Sure. AutoML is a no-code Automated Machine Learning tool where you can easily create predictive analysis. So, Qlik AutoML generates Machine Learning models from historic or training data.
Okay.
Which can then be used to make predictions on current data.
Nice.
With the integration with Qlik Cloud, it allows you to explore the data and get real-time predictions within Qlik Sense apps.
Well, it all sounds very cool; and now you've already set up a demo. Can you explain what this kind of demo you’re going to be showcasing for us today?
Today I'll be talking about the Iris data set. This is a data set that is well known in data science classes or demos that can be found on Kaggle or even just a Google search to download the data set; and the data is four measures. So, pedal length, pedal width, sepal length, sepal width, and three types of Iris flowers that it's predicting. So, based on those four measures, can we classify the type of Iris?
Right.
It's fairly simple; there's just four measures; one Target variable. So, it's a very good data set to explain and to learn more about how to use the AutoML tool.
Right. I like this concept of a model to apply this on AutoML, because normally when I think of predictive analysis; it's always trying to determine between A or B. Like, is it going to work or is it not? And this is more complicated than that as a data set. It's 3 options instead of just 2. I like that concept.
That's right. So, we'll see that AutoML will distinguish that it's multi-class, and then be able to pick the correct models for that type of scenario.
So, let's jump in. Can you show us what the app looks like that you've put together?
Sure. So, you'll see this is all Qlik Sense on Qlik Cloud, all browser-based. On the right-hand side, we have 2 graphs. The top one is Petal-Measures, the lower is Sepal-measures; the x-axis is the Pedal-length, Pedal-width for the y-axis; and same for the bottom. And then data points are the records for the 3 types of flower.
Okay. Could you explain what those slider tools are in the middle?
Sure. Here in the middle, some slider tools that will take input for the measures. So, you can provide fresh or live-data that then will produce predicted output where we're seeing the predicted Setosa, predicted Versa color, predicted Virginica values, based on these 4 inputs.
Okay. Just so I understand, you’ve got the historical data that the predictive analysis is based on (on the right), you input current data with those sliders. Basically, you're trying to measure a flower you're looking at, and letting the app guess what type of flower it is; and that's making that prediction and that's the percentage?
That's correct.
Okay.
Yep, that's a great explanation. And for example, our current prediction is high for the type Sentosa; which makes sense based on those inputs. But if we do start changing our values a little bit higher for length and width, and then also a bump up the Sepal length; we can see that it's now predicting at a high probability for the Versa color type. So, the nice thing about having it side by side is that users that may not know much about how the model was generated or used the tool, can still explore the data with AutoML. So, that's something I think is a big differentiator with this tool.
Okay. Now it's really cool. What are the steps to build an app like this that uses AutoML?
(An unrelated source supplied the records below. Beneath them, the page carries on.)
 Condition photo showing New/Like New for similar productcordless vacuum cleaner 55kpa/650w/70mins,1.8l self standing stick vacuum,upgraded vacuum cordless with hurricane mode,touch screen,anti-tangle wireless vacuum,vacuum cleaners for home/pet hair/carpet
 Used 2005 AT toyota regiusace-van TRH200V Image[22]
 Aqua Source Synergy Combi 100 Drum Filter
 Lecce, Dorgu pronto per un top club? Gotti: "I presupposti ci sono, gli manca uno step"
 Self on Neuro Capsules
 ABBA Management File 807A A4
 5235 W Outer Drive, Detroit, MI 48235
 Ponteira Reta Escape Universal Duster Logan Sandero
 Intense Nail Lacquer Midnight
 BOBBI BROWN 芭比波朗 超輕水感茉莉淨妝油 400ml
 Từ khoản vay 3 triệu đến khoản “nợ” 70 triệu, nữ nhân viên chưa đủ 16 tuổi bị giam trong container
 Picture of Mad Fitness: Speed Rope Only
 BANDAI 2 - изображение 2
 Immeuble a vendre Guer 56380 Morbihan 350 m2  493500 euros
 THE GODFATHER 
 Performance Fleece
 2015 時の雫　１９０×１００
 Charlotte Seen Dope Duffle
To get to this place, there are some steps we have to take to stage the data in Qlik Cloud.
Okay. So, we're here on your Hub in the Analytics Service section. Where do we go from here?
The first place to start is having a good training data set.
Okay.
And in this case, we (you know) skipped some of that process, because Iris data set is something that's out there. It's already clean. In the real world, there's some work to be done to get a good solid training data set. And I'll switch on to the type of Data. The Iris data set is a CSV file and I've uploaded it to Qlik Cloud already. I'll just show what it looks like profiled and Qlik Catalog. We have the Sepal-length, width, Pedal-length, Pedal-width. The nice thing about this training data set is it's very balanced, 50 records for each type.
Okay.
You could also look at the data you have these numeric inputs and then the variety is a string value.
Right. So, it's a pre-built data set; they basically have gone and measured 50 different flowers of each type, and that's your data. It's very even but it's also simple; like we've just measured four things on each of those flowers, and we've got this set?
That's right. So, next we would come here to this Add New button; and drop it down to the New ML Experiment.
And ML is Machine Learning?
That’s correct. Now, I'll give it a name. This will take you to the staging area where you can add a training data set with this button, or you can search for existing data sets: Iris. Now it's asking you for selecting the Target you want to predict.
Right. That's just the type of Iris that we're looking at?
That's right.
Okay.
And then all of these have been profiled. It gives us some more information on distinct values.
But what does that term ’One-hot encoded’ mean?
So, it's going to actually encode these as 1, 2, 3. So, that it's easier to do the computation. AutoML is set up to handle in the background. So, the user doesn't have to do any of that work.
That's pretty cool it does it automatically for you. It's all built in. I love that.
That’s right. This is just more information about the Target, the features that we've selected, and then it's been able to look at the Target we picked, and it knows that it's a Multiclass classification problem.
Okay.
And then it's gonna give you the algorithms available that work with that particular problem.
So, this is a bunch of pre-built algorithms that AutoML has identified as the best to use with this data set?
That's right. So, you can kind of think of it - it's like your shopping cart. You want to try all of these when you're running the experiment.
And you'll get to decide which one you want to run with, right?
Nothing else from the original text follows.